_WHAT YOU HAVE TO DO_.
Pictures excluded, retype the lines from the one containing "Claris Hotel &" through the last line of the data below, both included.

_RAW DATA_.

Start of Block

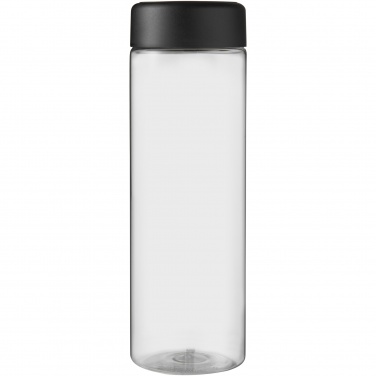 Logotrade advertising product image of: H2O Active® Vibe 850 ml screw cap water bottle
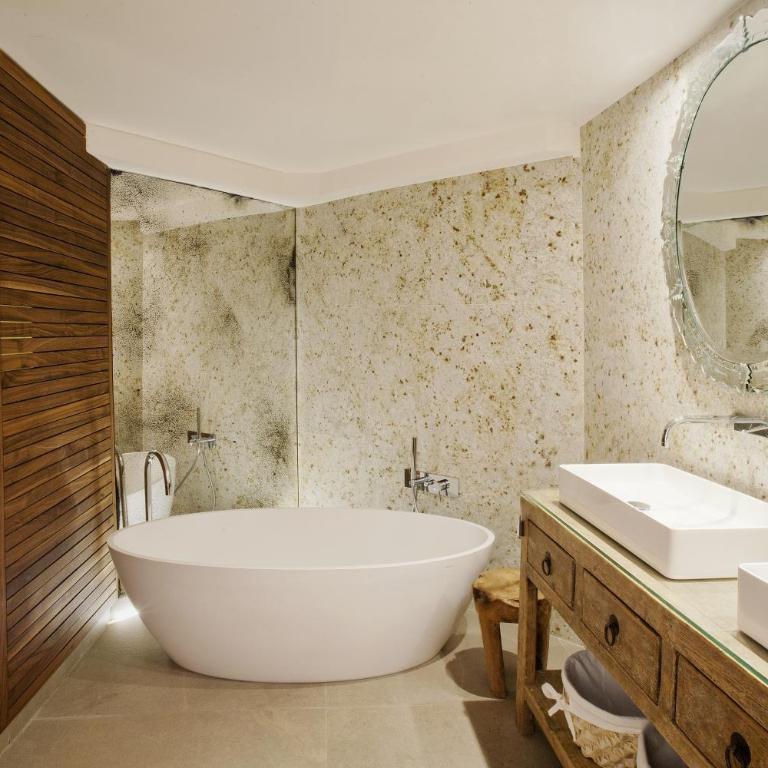 Claris Hotel & Spa GL, a Small Luxury Hotel of the World - Grand Suite Duplex - 8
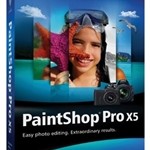 Corel PaintShop Pro X5 v15 Español Full Descargar 1 Link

End of Block

_WRITTEN RESPONSE_.
 Claris Hotel & Spa GL, a Small Luxury Hotel of the World - Grand Suite Duplex - 8
 Corel PaintShop Pro X5 v15 Español Full Descargar 1 Link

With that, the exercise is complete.